Richard Henry Pratt, who was apparently a jerk as well as an educator, got the idea for educating Native Americans from his experience with prisoners in Florida. How strange that an idea for designing a heavily regimented school that strips students of their heritage and individuality came from an implementation used with prisoners. This is terrible. Students clearly are not prisoners and should not be treated as such. I cannot see how a school that separates student from parents for years at a time ever was approved.

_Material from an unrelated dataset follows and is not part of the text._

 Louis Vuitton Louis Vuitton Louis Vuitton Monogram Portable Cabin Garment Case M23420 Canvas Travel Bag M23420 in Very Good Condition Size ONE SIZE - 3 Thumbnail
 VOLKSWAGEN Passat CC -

Despite all the horrible attempts to "Kill the Indian, Save the Man," providing Native peoples with educational opportunities could have been a great idea. The problem was that the schools focused so heavily on vocational skills and cultural assimilation. I feel if the schools had not been mandatory and so heavily regimented, and also didn't attempt to completely strip the parents of access to their children, they actually could have been very successful. After seeing some of the successful tribal leaders who were products of the school and were able to assist the tribe in legal dealings and such, you would think that parents would be more than happy to send their children to such a school. Unfortunately, the schools sole purpose was to remove the children from their native culture, and education was secondary at best.

1 comment:

nmartinez said...

Since I am also going to be a future elementary school teacher I enjoyed the lectures and articles that dealt with the emergence of education for Native Americans. I too cannot believe that Richie P. came up with the idea of educating Native Americans through the encounters he had with prisioners. I too believe that if school would not have been forced, if parents could have kept in touch with their children, and if there were more options for jobs on the reservations then education would of gone over better.